In the preparation method of the carrier, the roasting time in the step IV) is 1-20 hours, preferably 2-15 hours, and the roasting is carried out to convert all alumina into alpha-A1₂O₃。

In a second aspect, the present invention provides an α -alumina support prepared by the above preparation method. Preferably, said alpha-A1₂O₃The carrier has the following characteristics: alpha-A1₂O₃The content is more than 90 percent; the crushing strength of the carrier is 45-150N, preferably 50-140N; the specific surface area is 1.0-2.0 m²A preferred concentration is 1.1 to 1.9m²(ii)/g; the pore volume is 0.30 to 0.65ml/g, preferably 0.35 to 0.60 ml/g.

In the invention, the lateral crushing strength of the carrier is obtained by selecting a carrier sample and measuring the radial crushing strength and then averaging by adopting a DL II type intelligent particle strength measuring instrument; the specific surface area is measured by adopting a nitrogen physical adsorption BET method; the porosity, pore volume and pore structure distribution are measured by mercury intrusion method.
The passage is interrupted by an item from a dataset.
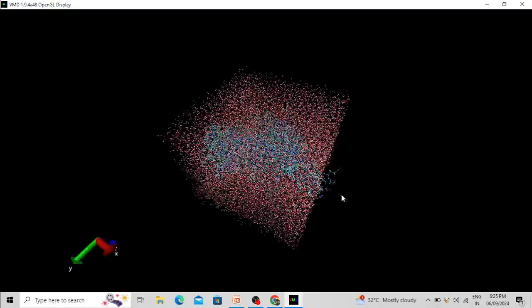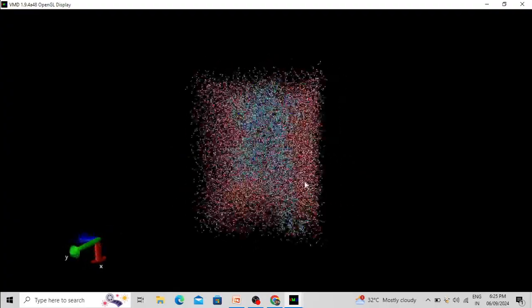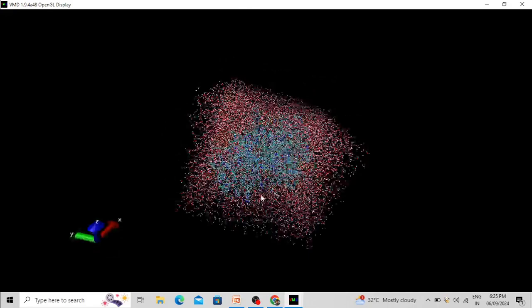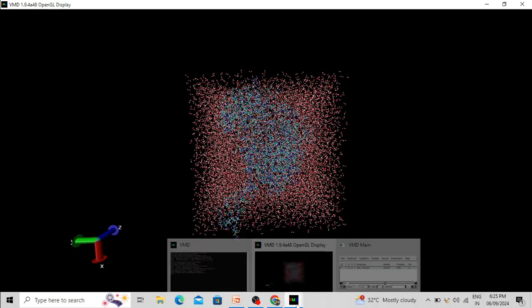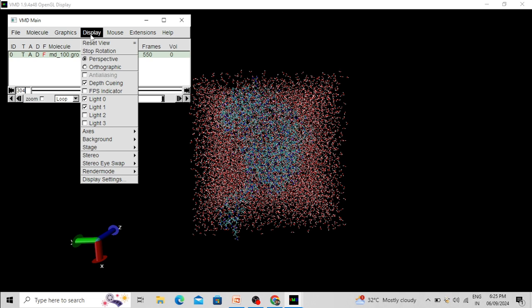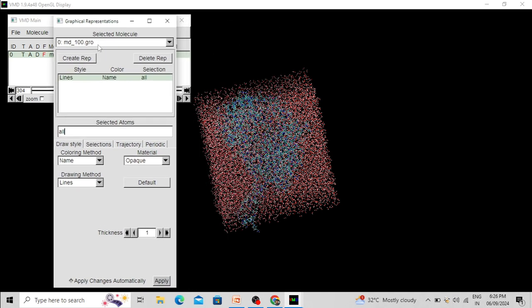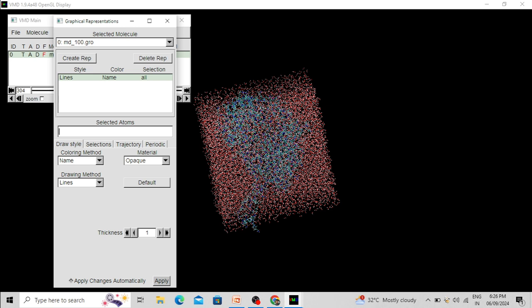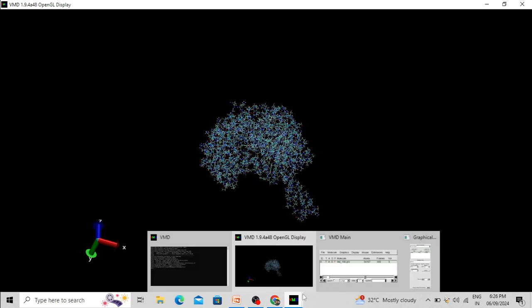Now you can modify the structure. For example, suppose you don't want to retain the water molecules — you can remove them, remove other ions, or retain only the protein molecule or ligand molecule. First let's change the perspective view to Orthographic view by clicking Graphic Representation. I want to retain the protein molecule, so type 'protein' and click Apply. Now only the protein molecule is present.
a) the above-mentioned α -alumina carrier;

b) silver;

According to the invention, the amount of each component in the silver catalyst can be the conventional amount in the field, preferably, the mass content of the silver is 5-37 wt%, preferably 8-32 wt% based on the total weight of the catalyst for ethylene epoxidation; the mass content of the alkali metal is 5-3000 ppm, preferably 10-2000 ppm; the mass content of the alkaline earth metal is 100-3000 ppm, preferably 150-2500 ppm; the mass content of rhenium metal is 10-1000 ppm, preferably 100-800 ppm; the mass content of the co-promoter is 5-200 ppm, preferably 20-150 ppm, calculated by the metal in the co-promoter.
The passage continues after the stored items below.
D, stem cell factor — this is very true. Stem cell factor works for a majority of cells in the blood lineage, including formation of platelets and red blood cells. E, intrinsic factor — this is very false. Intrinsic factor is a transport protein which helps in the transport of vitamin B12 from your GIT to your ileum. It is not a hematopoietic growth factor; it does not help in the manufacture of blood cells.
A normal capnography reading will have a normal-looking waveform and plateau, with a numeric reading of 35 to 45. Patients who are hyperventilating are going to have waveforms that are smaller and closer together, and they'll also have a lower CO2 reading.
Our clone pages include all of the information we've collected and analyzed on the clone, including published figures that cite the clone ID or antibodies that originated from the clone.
The silver catalyst of the present invention can be prepared in a conventional manner by impregnating the alumina support with a solution of a silver-containing compound, an organic amine, an alkali metal promoter, an alkaline earth metal promoter, a rhenium-containing promoter and optionally a co-promoter. The organic amine compound may be any organic amine compound suitable for preparing a silver catalyst for ethylene oxide production, as long as the organic amine compound is capable of forming a silver amine complex with a silver compound, such as pyridine, butylamine, ethylenediamine, 1, 3-propylenediamine, ethanolamine, or a mixture thereof, preferably a mixture of ethylenediamine and ethanolamine.

The alkali metal promoter may be a compound of lithium, sodium, potassium, rubidium or cesium, such as a nitrate, sulfate or hydroxide thereof, or a combination of any two or more of the foregoing compounds, preferably cesium sulfate and/or cesium nitrate.
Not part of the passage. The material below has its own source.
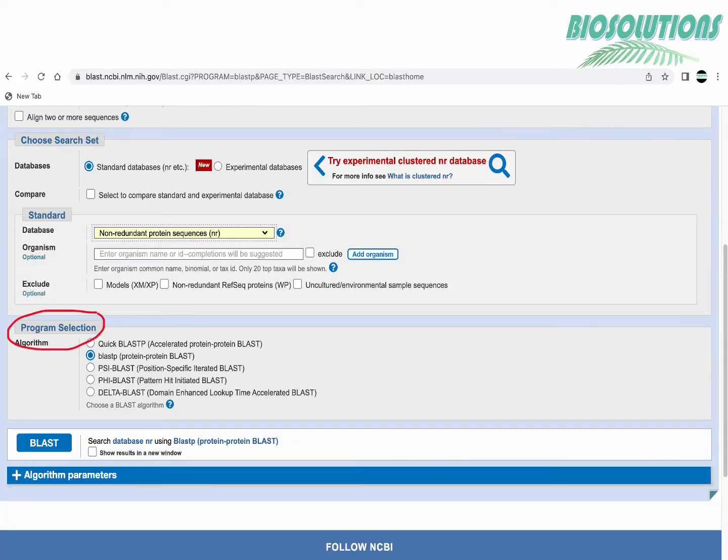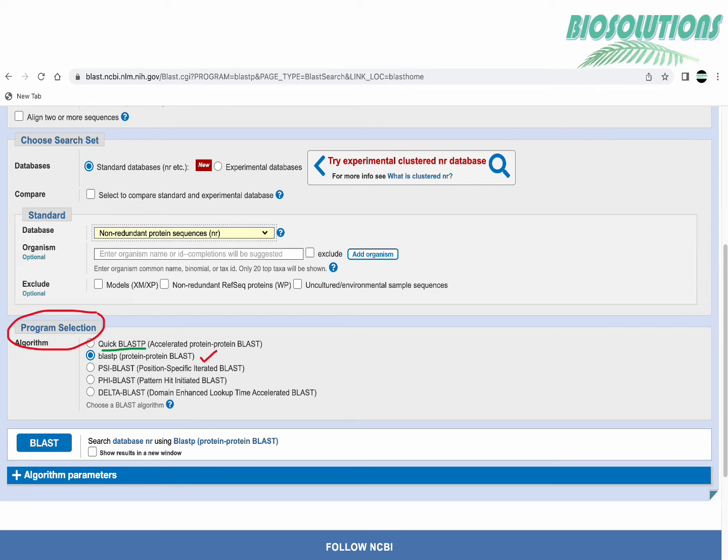The next section is the program selection. Here we have a few choices and by default BLAST-P protein to protein search algorithm is chosen. If you choose quick BLAST-P it's very fast and should be used only when your query has at least 50% identity with database sequences.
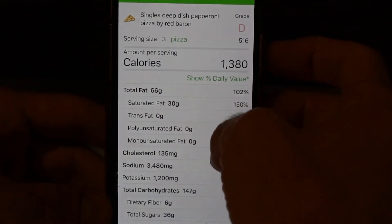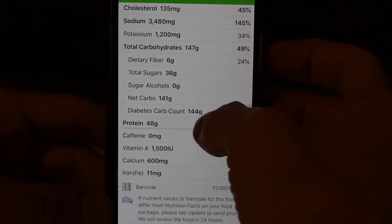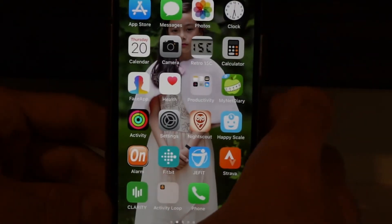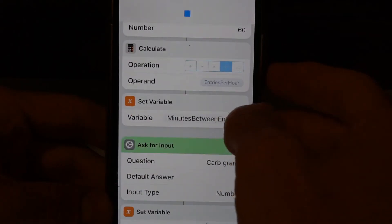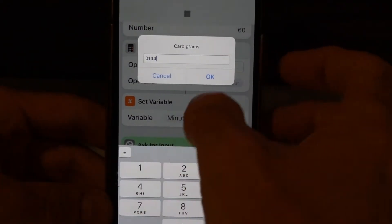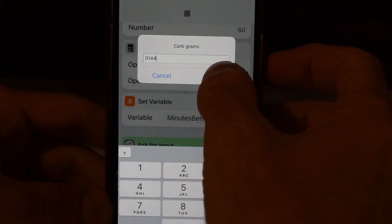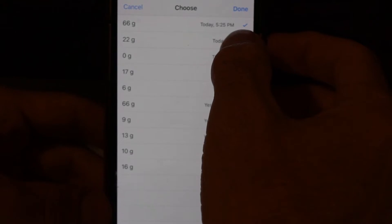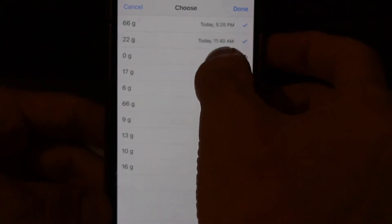You can see that this is 66 grams of fat, 144 grams of carbohydrate, and 48 grams of protein. Now if I start the shortcut, I enter in the 144 grams of carb — you have to do this part manually — but for the fat, it loads from Apple Health what the nutrition app saved there, so I can just click on the 66.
The alkaline earth metal promoter may be a compound of magnesium, calcium, strontium or barium, such as an oxide, oxalate, sulphate, acetate or nitrate thereof, or a combination of any two or more of the foregoing compounds, preferably a barium or strontium compound, more preferably barium acetate and/or strontium acetate. The alkaline earth metal promoter may be applied to the support before, simultaneously with, or after impregnation of the silver, or may be impregnated on the support after the silver compound has been reduced.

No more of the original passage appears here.